The following cells will prepare the environment and download the files that you will need to run this notebook. You can run the entire notebook on Google Colab without downloading anything manually. For more information on each cell check the comments in each.

# Referring to the following cell, if you want to re-clone a repository
# inside the google colab instance, you need to delete it first. 
# You can delete the repositories contained in this instance executing 
# the following two lines of code (deleting the # comment symbol).

# !rm -rf ADL-Book-2nd-Ed 
# This command actually clone the repository of the book in the google colab
# instance. In this way this notebook will have access to the modules
# we have written for this book.

# Please note that in case you have already run this cell, and you run it again
# you may get the error message:
#
# fatal: destination path 'ADL-Book-2nd-Ed' already exists and is not an empty directory.
# 
# In this case you can safely ignore the error message.

!git clone https://github.com/toelt-llc/ADL-Book-2nd-Ed.git
Cloning into 'ADL-Book-2nd-Ed'...
remote: Enumerating objects: 1915, done.
remote: Counting objects: 100% (35/35), done.
remote: Compressing objects: 100% (33/33), done.
remote: Total 1915 (delta 3), reused 32 (delta 2), pack-reused 1880
Receiving objects: 100% (1915/1915), 655.46 MiB | 29.07 MiB/s, done.
Resolving deltas: 100% (951/951), done.
Checking out files: 100% (624/624), done.
# This cell imports some custom written functions that we have created to 
# make the plotting easier. You don't need to undertsand the details and 
# you can simply ignore this cell.
# Simply run it with CMD+Enter (on Mac) or CTRL+Enter (Windows or Ubuntu) to
# import the necessary functions.

import sys
sys.path.append('ADL-Book-2nd-Ed/modules/')
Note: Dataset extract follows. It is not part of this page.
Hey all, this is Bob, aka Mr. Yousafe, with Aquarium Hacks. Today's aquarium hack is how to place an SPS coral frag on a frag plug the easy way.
from style_setting import set_style
# The following line contains the path to fonts that are used to plot result in
# a uniform way.

f = set_style().set_general_style_parameters()

Data Generation

Now let’s generate some data (with a linear relationship) and let’s try to do linear regression with the different optimizers.

m = 30
w0 = 2
w1 = 0.5
x = np.linspace(-1,1,m)
y = w0 + w1 * x
# plot the data we are going to use

fig = plt.figure()
ax = fig.add_subplot(111)

plt.scatter(x, y, marker = 'o', c = 'blue')
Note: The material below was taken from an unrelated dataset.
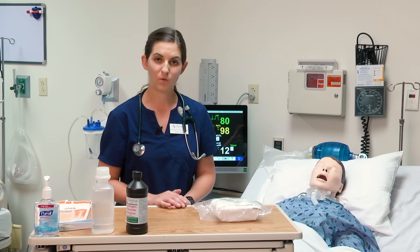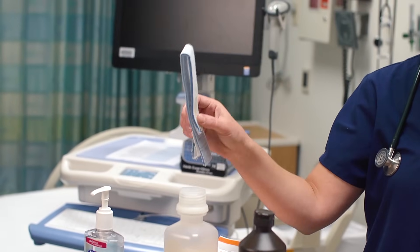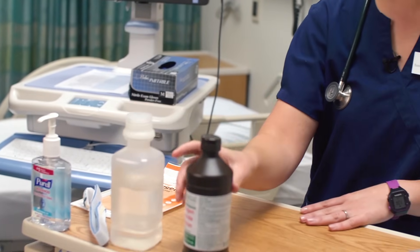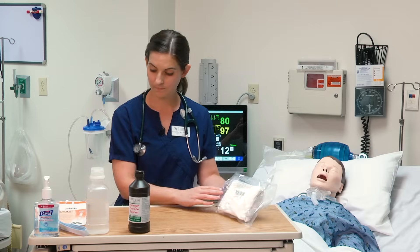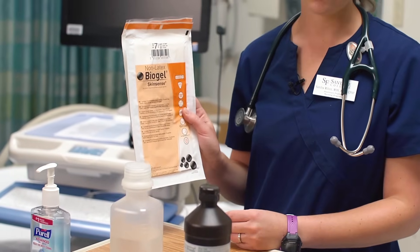The supplies you need to perform tracheostomy care include a new set of trach ties or a trach collar, some sterile normal saline, hydrogen peroxide for cleaning, a sterile tracheostomy kit, and two pairs of sterile gloves.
plt.ylabel('x', fontproperties = fm.FontProperties(fname = f))
plt.xlabel('y', fontproperties = fm.FontProperties(fname = f))

plt.ylim(min(y), max(y))
plt.xlim(min(x), max(x))

plt.axis(True)
plt.show()
../_images/Optimizers_comparison_9_0.png
# Equation (4)
def hypothesis(x,w0,w1):
  return w0 + w1*x

To do linear regression we will minimize the Mean Squared Error (MSE).For that we need to define it as a Python function.

# Equation (3)
def cost_function_mse(x,y,w0,w1):
  return np.mean((y - hypothesis(x,w0,w1))**2)/2

Gradient Descent Implementation

Since in Keras (with TensorFlow > 2.X) you don’t have the gradient descent optimizer out of the box here is an implementation from scratch to compare it to the other optimizers.
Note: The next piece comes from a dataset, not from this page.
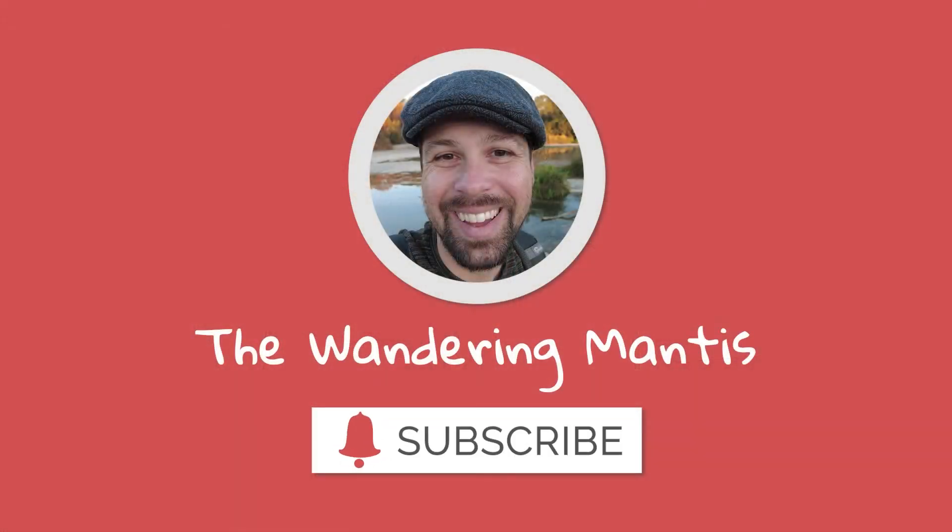I really hope you liked my video on how to set up the Wi-Fi Ranger, and I hope that you enjoy your RVing experience. If you would, hit like and subscribe to my channel — I'd really appreciate it — and also check out my other travel videos. This is Jesse again with the Wandering Mantis, signing off. I'll see you next time.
def gradient_descent(x,y,x0,y0,gamma,epochs):
  """
  Returns w0 and w1 that minimizes J(w) [the cost function] and the cost 
  function at each epoch. 
  Inputs:
  - x: samples (array)
  - y: output (array)
  - gamma: learning rate
  - epochs: number of epochs to be performed
  """
  random.seed(42)
  w0_list = [x0]
  w1_list = [y0]
  w0 = x0 # randomly initialize w0
  w1 = y0 # randomly initialize w1
  m = len(x) # number of samples
  cf = []
  for i in range(epochs): # repeat n times (n: number of epochs)
    w0 = w0*(1 - gamma) + (gamma/m)*np.sum(y - w1*x) # update w0
    w1 = w1 + (gamma/m)*np.sum((y - w0 - w1*x)*x) # update w1
    cf.append(cost_function_mse(x,y,w0,w1))
    w0_list.append(w0)
    w1_list.append(w1)

  return w0_list,w1_list,cf

We initialize the two parameters (or weights) to the values of \(0,0\), contained in the variables w0_start and w1_start.

epochs = 200
w0_start = 0.0
w1_start = 0.0
w0l,w1l,cfl = gradient_descent(x,y,w0_start,w1_start,0.1,epochs)
# Cost function vs Iterations plot

fig = plt.figure()
ax = fig.add_subplot(111)

plt.plot(w0l, w1l, 'k--', color = 'blue', label = 'Gradient Descent steps, $\gamma = 0.1$', marker = 'o', markersize = 5)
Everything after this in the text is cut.